[Short text fragments from websites]
"""

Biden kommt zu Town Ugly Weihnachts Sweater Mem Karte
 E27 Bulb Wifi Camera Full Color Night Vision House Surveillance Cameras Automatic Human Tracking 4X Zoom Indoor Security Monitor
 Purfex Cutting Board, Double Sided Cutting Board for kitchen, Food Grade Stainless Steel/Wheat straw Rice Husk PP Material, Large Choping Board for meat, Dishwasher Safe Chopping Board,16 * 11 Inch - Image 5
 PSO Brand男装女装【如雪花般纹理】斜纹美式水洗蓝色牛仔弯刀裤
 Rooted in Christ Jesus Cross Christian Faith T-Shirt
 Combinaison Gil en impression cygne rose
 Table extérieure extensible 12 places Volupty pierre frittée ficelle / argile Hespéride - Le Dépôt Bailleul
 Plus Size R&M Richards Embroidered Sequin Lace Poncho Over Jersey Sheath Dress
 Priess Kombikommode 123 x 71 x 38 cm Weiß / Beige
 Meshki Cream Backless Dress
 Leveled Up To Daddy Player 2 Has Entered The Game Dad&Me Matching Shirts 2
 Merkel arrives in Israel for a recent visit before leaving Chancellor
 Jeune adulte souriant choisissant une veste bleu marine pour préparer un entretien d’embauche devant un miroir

"""

▶ _PROBLEM TO SOLVE_
Write out the lines of the records exactly, starting at the one holding "Combinaison Gil en impression cygne rose" and ending with the last line, and include no others.

▶ _WRITTEN ANSWER_
 Combinaison Gil en impression cygne rose
 Table extérieure extensible 12 places Volupty pierre frittée ficelle / argile Hespéride - Le Dépôt Bailleul
 Plus Size R&M Richards Embroidered Sequin Lace Poncho Over Jersey Sheath Dress
 Priess Kombikommode 123 x 71 x 38 cm Weiß / Beige
 Meshki Cream Backless Dress
 Leveled Up To Daddy Player 2 Has Entered The Game Dad&Me Matching Shirts 2
 Merkel arrives in Israel for a recent visit before leaving Chancellor
 Jeune adulte souriant choisissant une veste bleu marine pour préparer un entretien d’embauche devant un miroir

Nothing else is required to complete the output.